Sander Dekker, the Dutch Minister for Legal Protection, is to develop a framework to future-proof Holland’s lottery industry, following the publication of a fresh report on the sector by PricewaterhouseCoopers (PwC).
Dekker said he intends to set up the framework to the Dutch parliament during Q1. 2021, ahead of the Netherlands opening its regulated online gambling market later next year, but later than initially planned. This would be informed by the PwC report, commissioned by the state in 2019.
It was commissioned so as to ascertain what, if any, changes were necessary to ensure the Dutch lottery sector continues to thrive when the Remote Gambling Act is implemented. This is set to be enforced beginning January 2021, with the market opening to private firms from July.

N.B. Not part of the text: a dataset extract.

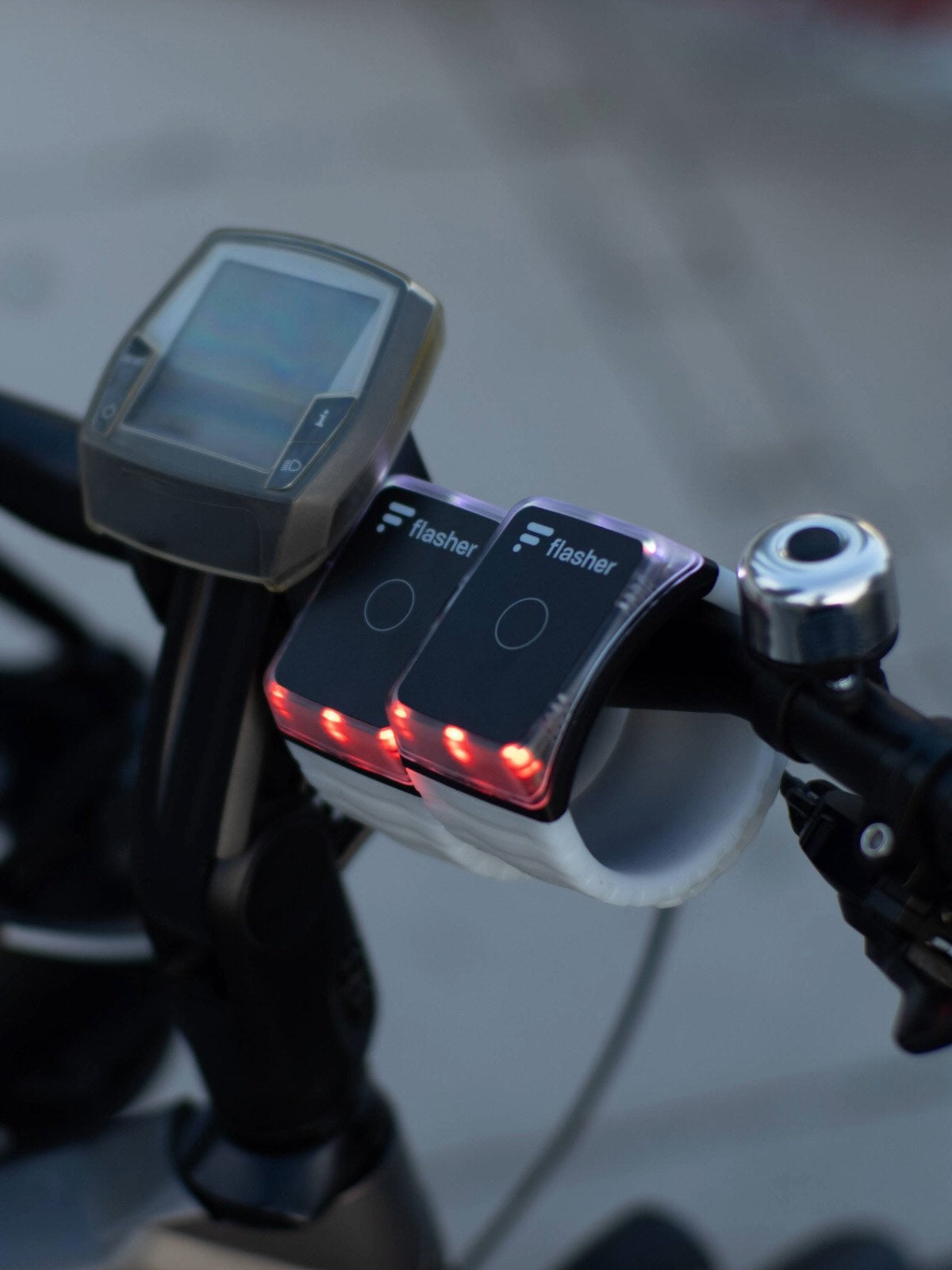 Zwei Flasher Armbänder am Fahrradlenker eines E-Bike.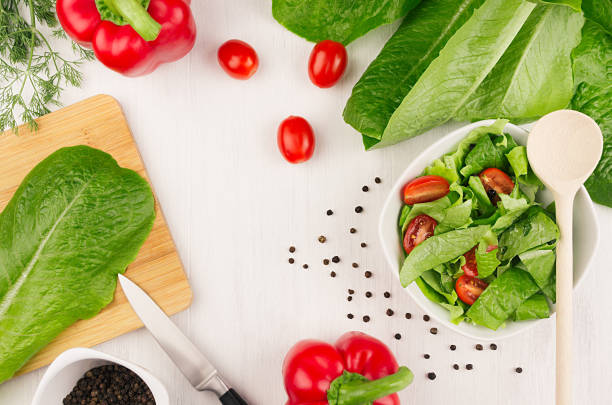 insalata fresca di foglie verdi, pomodorini rossi, paprika e ingredienti, posate su tavola di legno bianco, vista dall'alto. - cooking oil olive oil nutritional supplement spoon foto e immagini stock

That will additionally see the government-run Staatsloterij and Lotto, as well as charitable lotteries, compete alongside online casino and sportsbook products for the first time. Without these new offerings, there is little competition between the different lottery products, according to PwC. This would increase, it said, once there’s a greater range of legal products available to consumers.
PwC added that an increase in competition would be good for firms, saying it would encourage them to seek greater efficiency and innovation, which could in turn imply greater payout percentages and larger product varieties.
“After all, increased competition can mean that providers want to distinguish themselves from each other in order to gain market share,” it stated. “As long as there are limited social risks, and / or they can be properly mitigated, market growth and more advertising are not necessarily problematic.”
When it comes to protecting consumers from gambling-related problems in the wide lottery market, PwC said risks associated with lotteries are less than other forms of gambling, and that such risks are not that much different from lottery products.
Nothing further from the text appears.